以下代码测试LSTM的每个步骤,用IMDB的数据库,数据库下载:
https://ai.stanford.edu/~amaas/data/sentiment/
下载以后,解压到根目录下,保持以下文件夹结构:
LSTMCODE/
├── LSTM.py
├── aclImdb/
│ ├── train/
│ │ ├── pos/ ← 应有12500个 .txt 文件
│ │ └── neg/
│ └── test/
│ ├── pos/
│ └── neg/
一、基础代码
LSTM.py文件如下:
import os
import torch
import torch.nn as nn
from torch.utils.data import Dataset, DataLoader
from torch.nn.utils.rnn import pad_sequence
from sklearn.model_selection import train_test_split
from nltk.tokenize import word_tokenize
from collections import Counter
import matplotlib.pyplot as plt
import string
import nltk
# ---------- NLTK资源确保 ----------
def ensure_nltk_resources():
try:
nltk.data.find('tokenizers/punkt')
except LookupError:
nltk.download('punkt')
try:
nltk.data.find('tokenizers/punkt_tab')
except LookupError:
nltk.download('punkt_tab')
ensure_nltk_resources()
# ---------- 配置 ----------
DATA_DIR = "./aclImdb"
MAX_LEN = 500
BATCH_SIZE = 64
EMBEDDING_DIM = 64
HIDDEN_DIM = 64
EPOCHS = 10
DEVICE = torch.device("cuda" if torch.cuda.is_available() else "cpu")
# ---------- 加载原始IMDB数据 ----------
def load_imdb_data(data_dir):
data, labels = [], []
for label in ['pos', 'neg']:
folder = os.path.join(data_dir, label)
if not os.path.exists(folder):
raise FileNotFoundError(f"找不到路径: {folder},请确认aclImdb数据集是否正确解压至项目根目录")
for fname in os.listdir(folder):
if fname.endswith('.txt'):
with open(os.path.join(folder, fname), encoding='utf-8') as f:
text = f.read().strip()
data.append(text)
labels.append(1.0 if label == 'pos' else 0.0)
return data, labels
train_texts, train_labels = load_imdb_data(os.path.join(DATA_DIR, 'train'))

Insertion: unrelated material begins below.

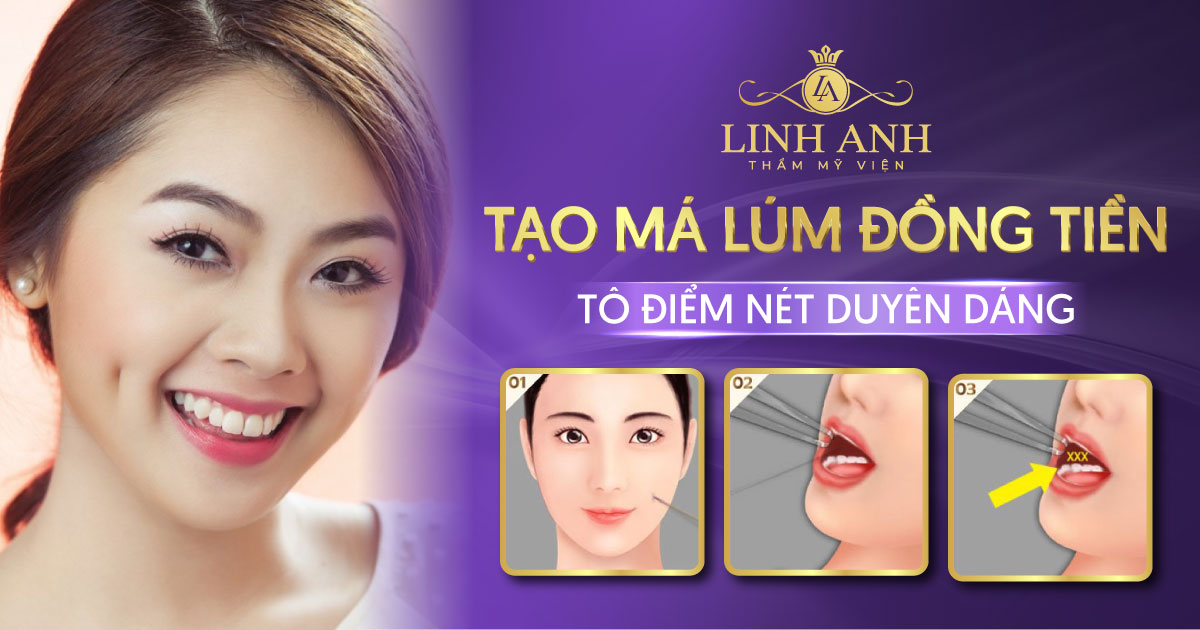 Tạo má lúm đồng tiền tô điểm nét duyên dáng thêm xinh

test_texts, test_labels = load_imdb_data(os.path.join(DATA_DIR, 'test'))
# ---------- 构建词汇表 ----------
def build_vocab(texts, max_vocab=20000):
counter = Counter()
for text in texts:
tokens = word_tokenize(text.lower().translate(str.maketrans('', '', string.punctuation)))
counter.update(tokens)
most_common = counter.most_common(max_vocab - 2)
vocab = {"<PAD>": 0, "<UNK>": 1}
vocab.update({word: i + 2 for i, (word, _) in enumerate(most_common)})
return vocab
vocab = build_vocab(train_texts)
# ---------- 编码与Dataset ----------
def encode(text, vocab, max_len=500):
tokens = word_tokenize(text.lower().translate(str.maketrans('', '', string.punctuation)))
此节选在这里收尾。